### Task to complete
Whatever pictures the entries hold, omit them, and output exactly the lines from the one containing "Used Vauxhall Vivaro" through the final line.

(Brief descriptive captions)

==============================

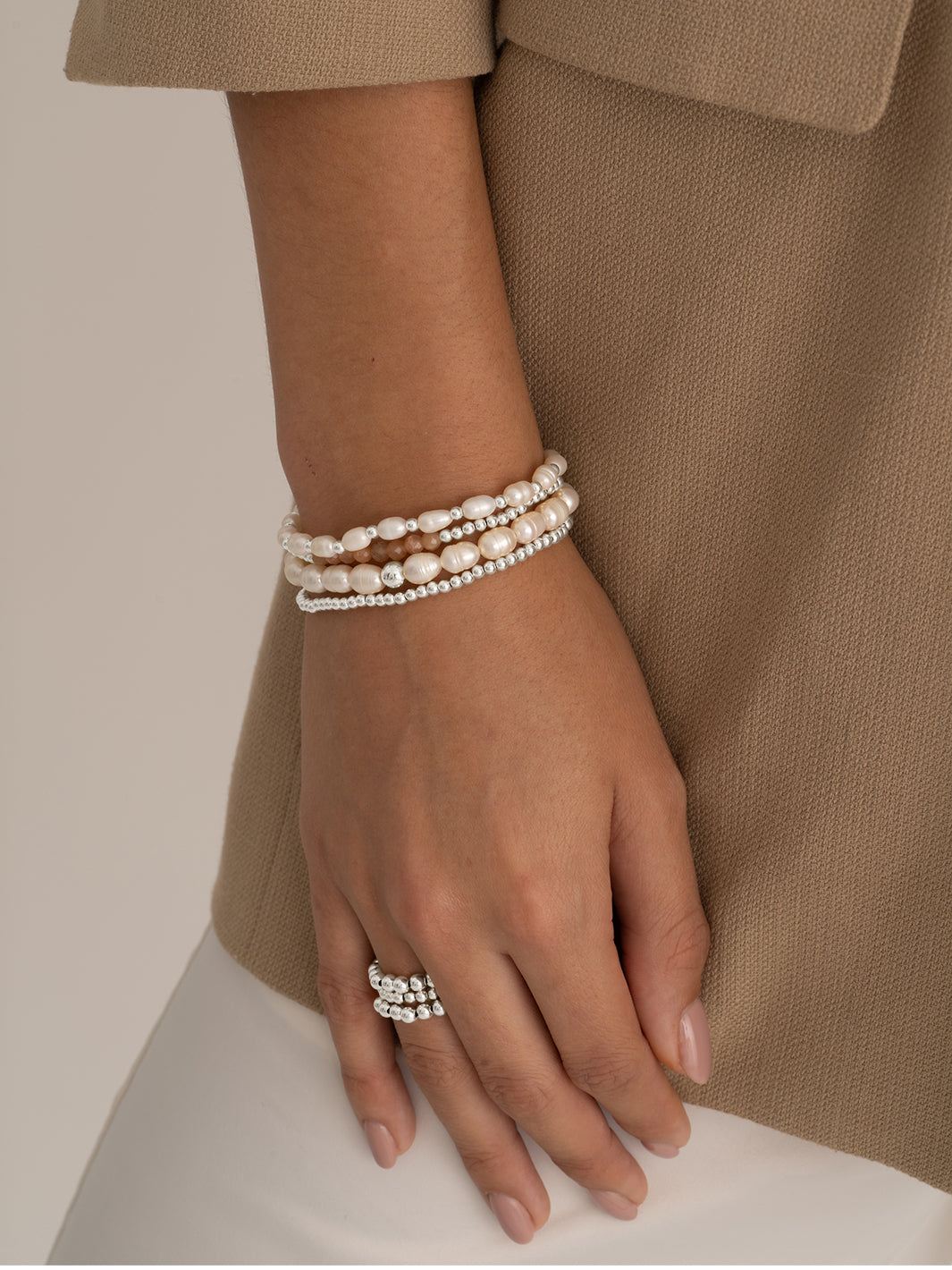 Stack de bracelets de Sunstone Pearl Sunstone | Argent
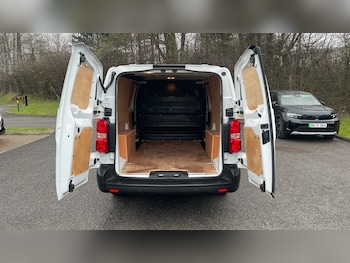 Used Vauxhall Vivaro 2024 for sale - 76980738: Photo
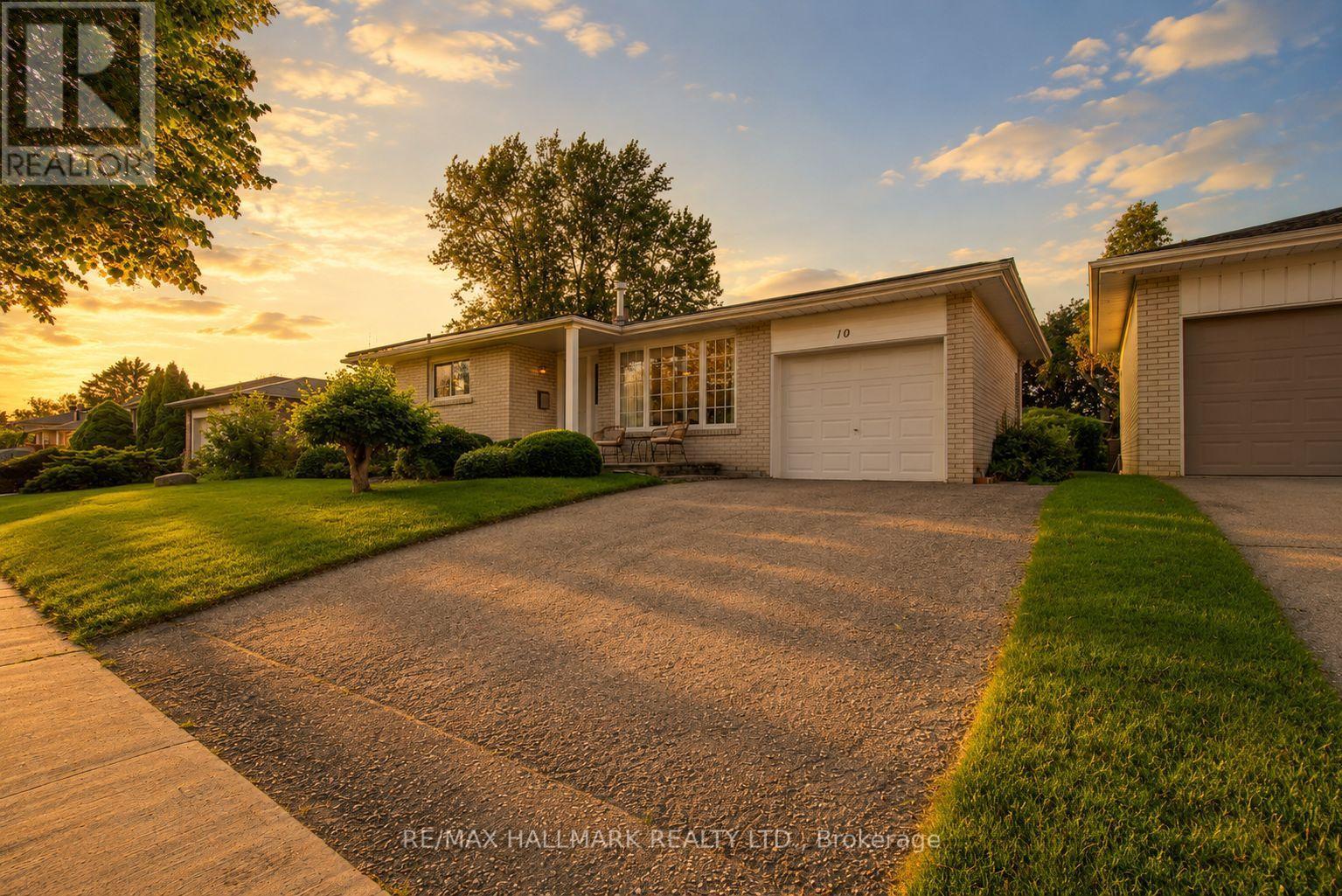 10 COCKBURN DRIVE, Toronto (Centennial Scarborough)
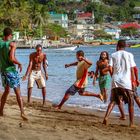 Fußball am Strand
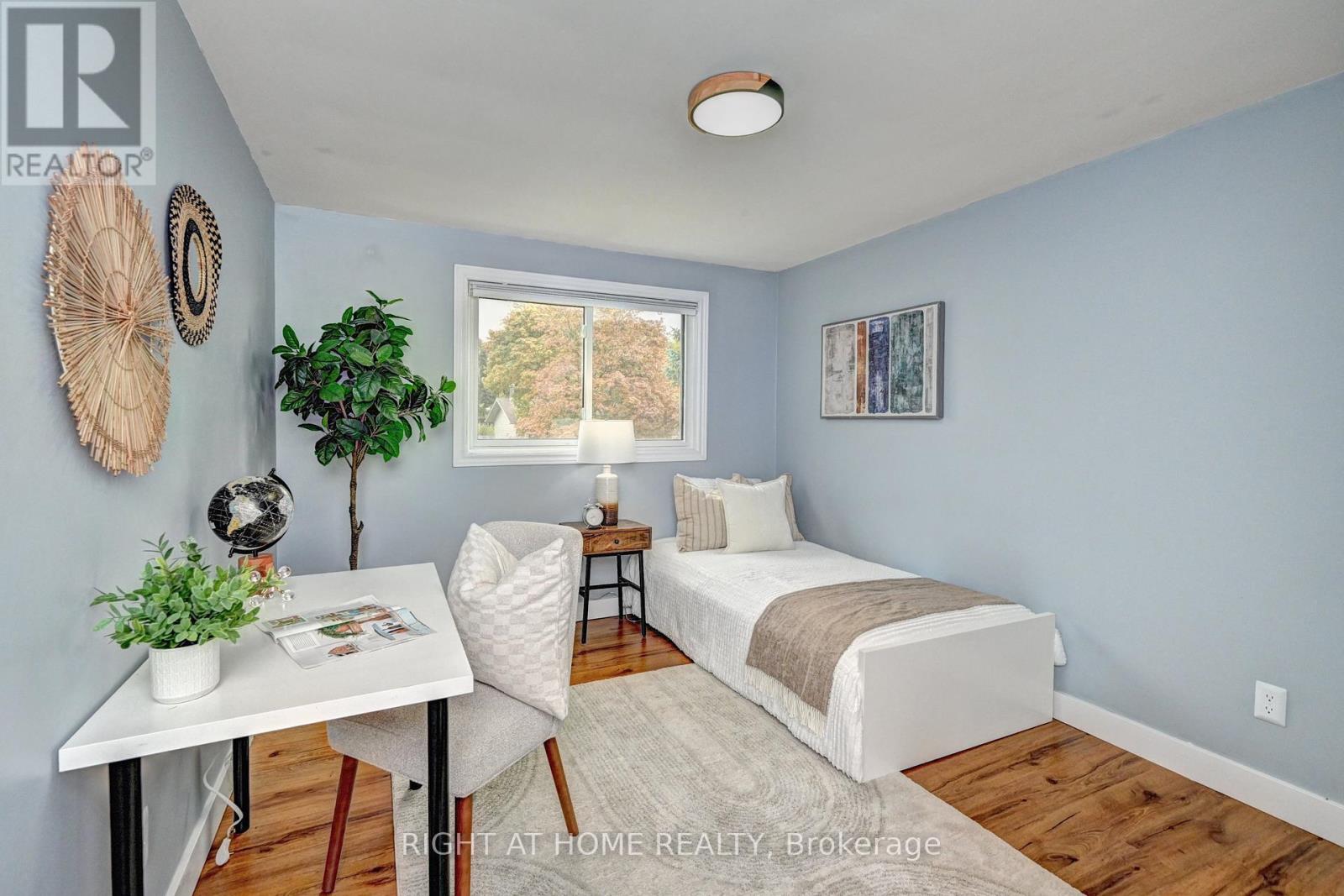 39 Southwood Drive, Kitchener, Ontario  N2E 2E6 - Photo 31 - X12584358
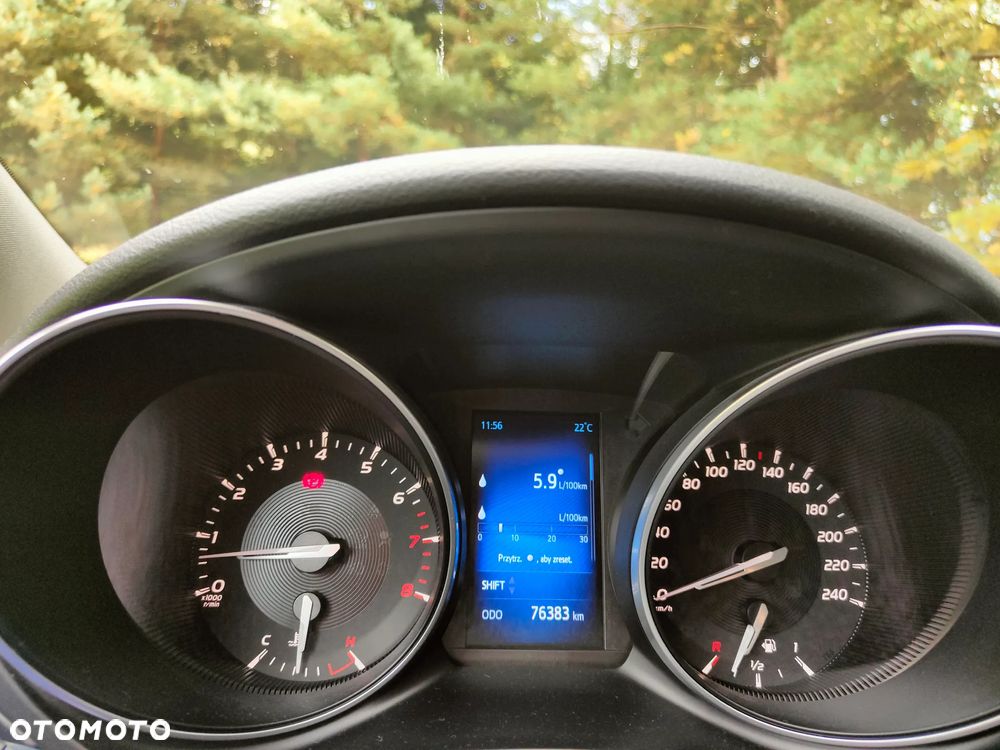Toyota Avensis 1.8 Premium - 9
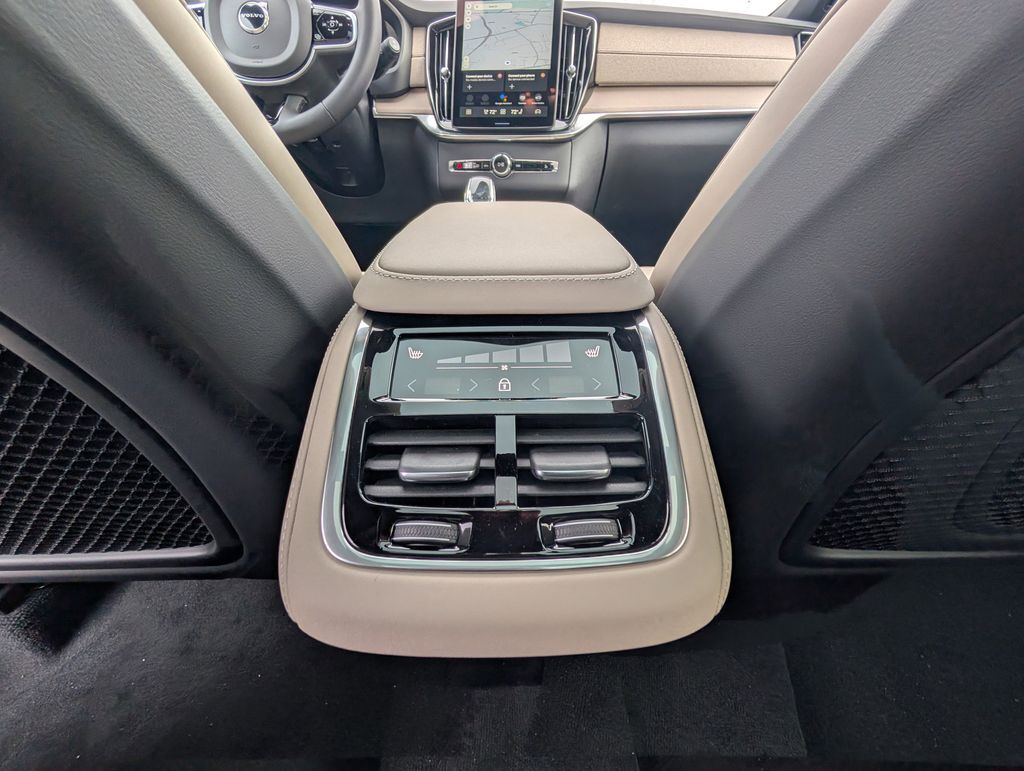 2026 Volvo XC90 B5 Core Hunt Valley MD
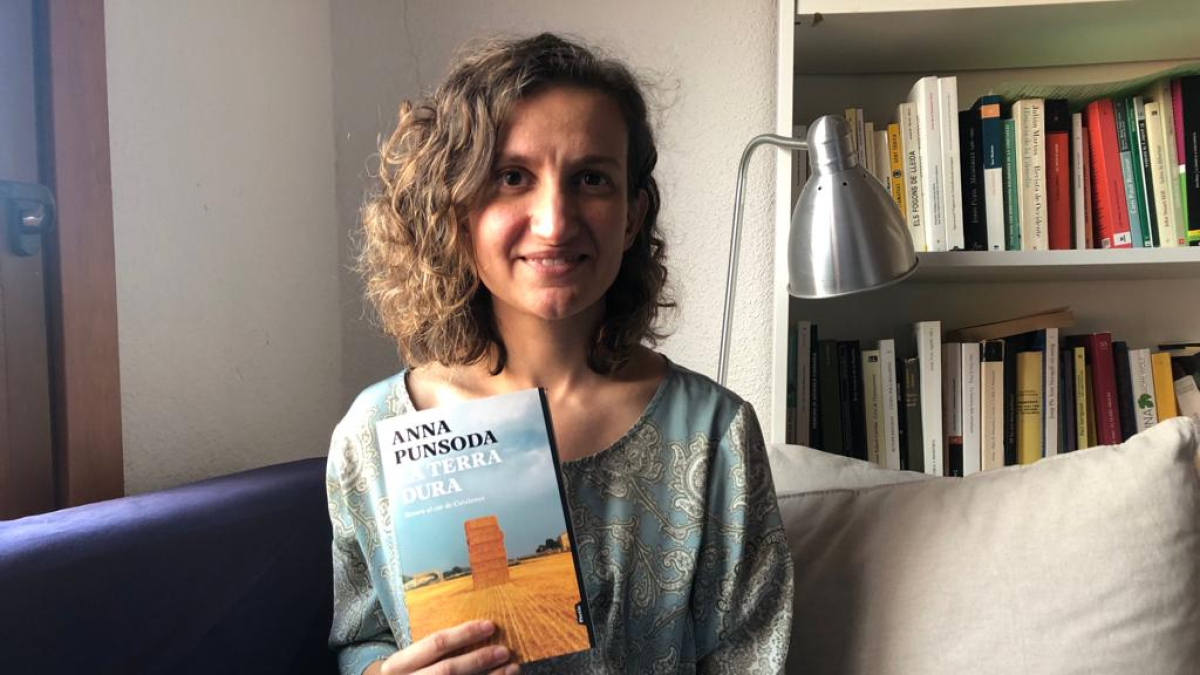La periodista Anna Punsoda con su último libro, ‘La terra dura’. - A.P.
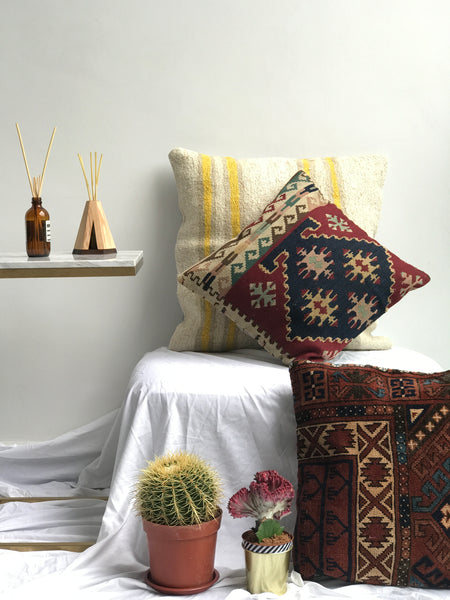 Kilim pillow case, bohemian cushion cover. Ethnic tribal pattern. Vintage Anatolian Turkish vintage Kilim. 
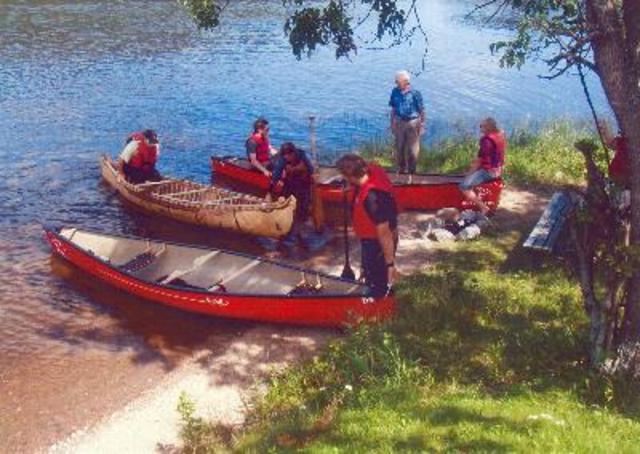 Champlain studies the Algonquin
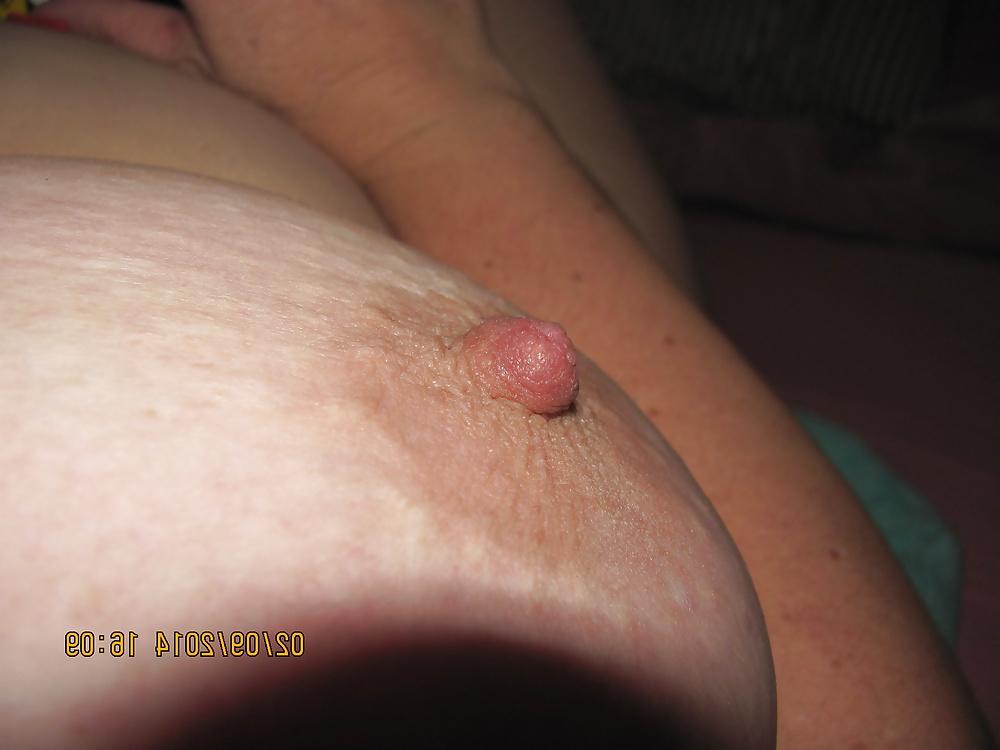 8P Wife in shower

==============================

### Task answer
 Used Vauxhall Vivaro 2024 for sale - 76980738: Photo
 10 COCKBURN DRIVE, Toronto (Centennial Scarborough)
 Fußball am Strand
 39 Southwood Drive, Kitchener, Ontario  N2E 2E6 - Photo 31 - X12584358
Toyota Avensis 1.8 Premium - 9
 2026 Volvo XC90 B5 Core Hunt Valley MD
La periodista Anna Punsoda con su último libro, ‘La terra dura’. - A.P.
 Kilim pillow case, bohemian cushion cover. Ethnic tribal pattern. Vintage Anatolian Turkish vintage Kilim. 
 Champlain studies the Algonquin
 8P Wife in shower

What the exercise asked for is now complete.